Осторожно поправил лежащую на груди темноволосую голову дочки, чтобы ей было удобнее, а она снова обхватила его шею.
— Пап, я беременная, — прошептала в самое ухо, и Ямпольский чуть не поперхнулся.
«Сволочь, кобель, засранец, осеменитель гребаный, и когда только успел…»
— Это… это же хорошо, моя маленькая, — Арсен поспешно погладил дочь по голове. Девочка беременная, не надо ее расстраивать. Вот только пусть явится сюда этот …ский осеменитель…
— Правда? — она подняла голову. — А я боялась тебе говорить.
«Правильно боялась, я же убью эту кобелину, яйца оторву и Баскервилю скормлю…»
— Это вы тогда на крыше успели, в первый день выставки? Ты хоть его любишь?
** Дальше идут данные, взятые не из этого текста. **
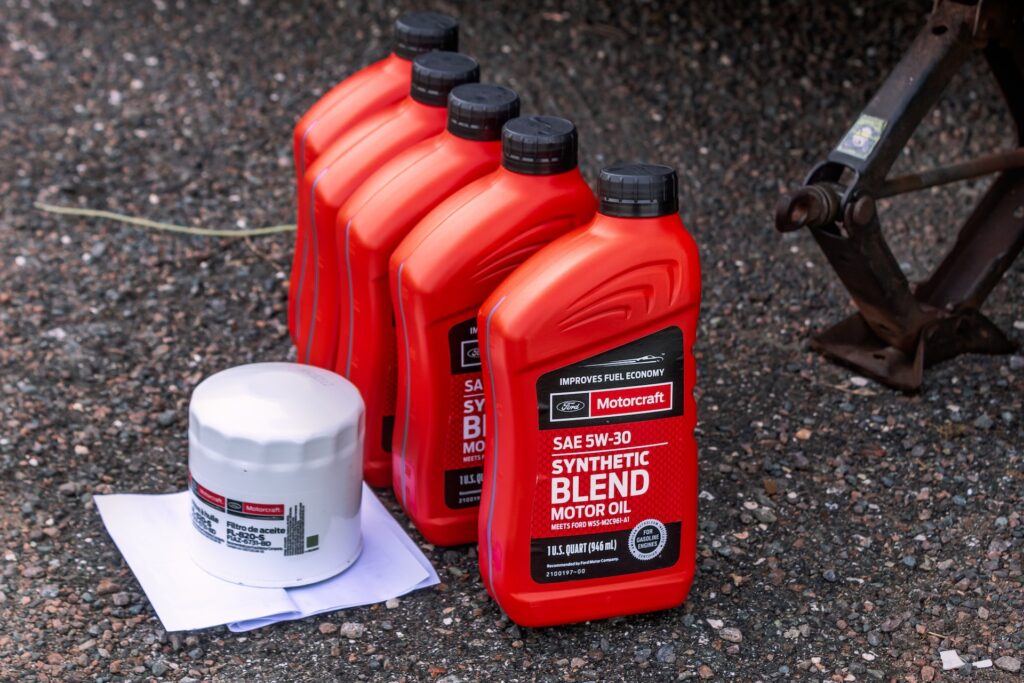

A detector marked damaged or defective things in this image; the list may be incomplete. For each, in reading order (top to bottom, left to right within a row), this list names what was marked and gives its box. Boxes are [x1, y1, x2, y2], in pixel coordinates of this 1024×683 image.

rusty metal jack [774, 0, 1024, 393]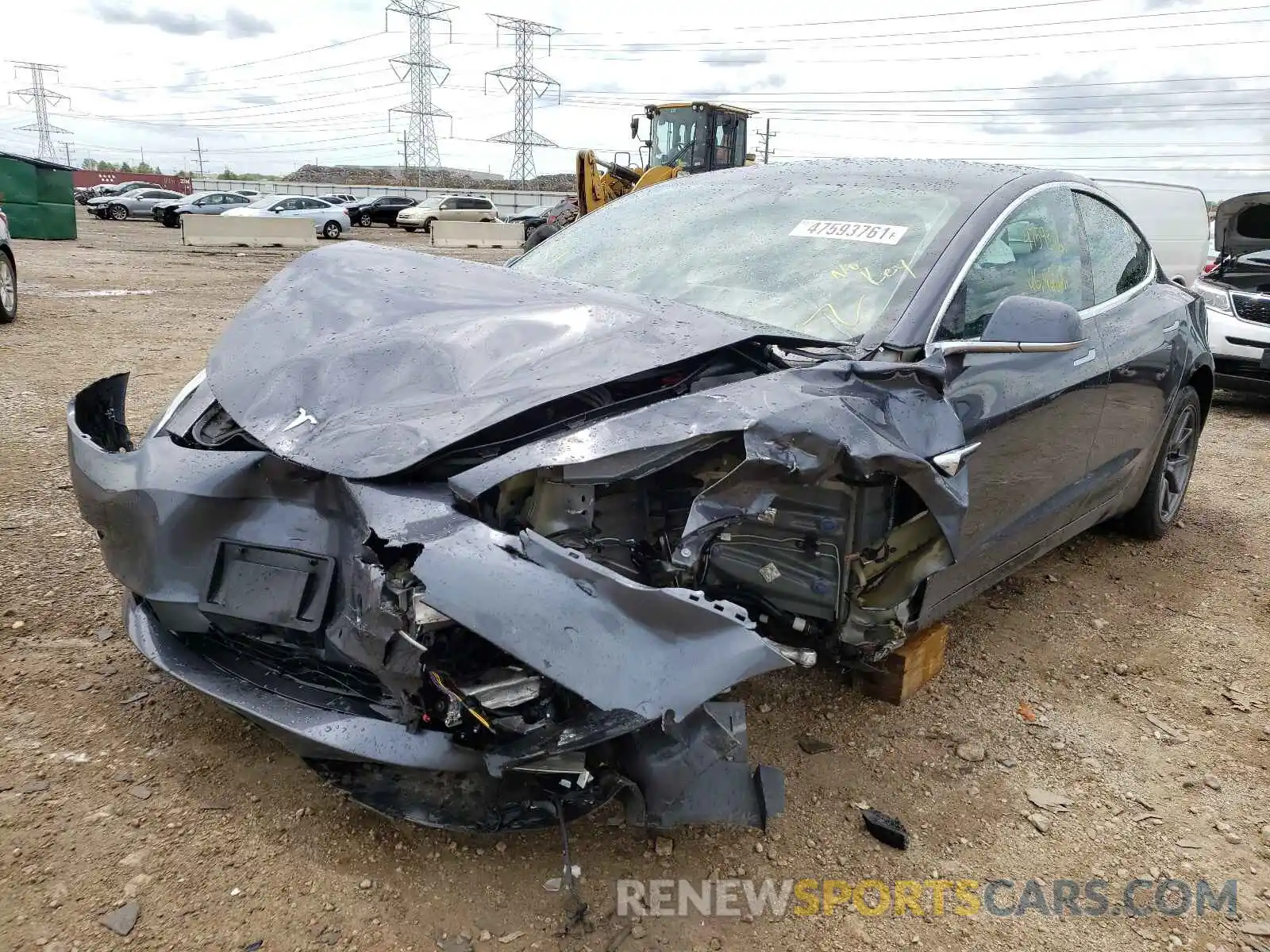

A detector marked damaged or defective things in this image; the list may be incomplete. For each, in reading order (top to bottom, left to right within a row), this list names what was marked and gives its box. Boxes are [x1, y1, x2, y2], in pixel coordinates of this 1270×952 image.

exposed headlight [145, 368, 206, 439]
torn front bumper [69, 373, 787, 832]
crumpled hood [206, 242, 822, 479]
gray damaged tesla sedan [64, 162, 1214, 832]
exposed headlight [1188, 282, 1229, 314]
crumpled hood [1209, 191, 1270, 259]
Эва кивнула и хлюпнула носом.
— А замуж за него хочешь?
Она покачала головой. Час от часу не легче, двое детей от этого идиота, и что теперь с ним делать? Яйца Бас сожрет, но дети от этого сами не воспитаются…
— Ну и не надо, ну и Бог с ним, — Арсен прижал ее голову к груди и поцеловал, — без него обойдемся. Я тебе таких женихов найду, он себе локти от зависти сгрызет, Демидов твой, хочешь?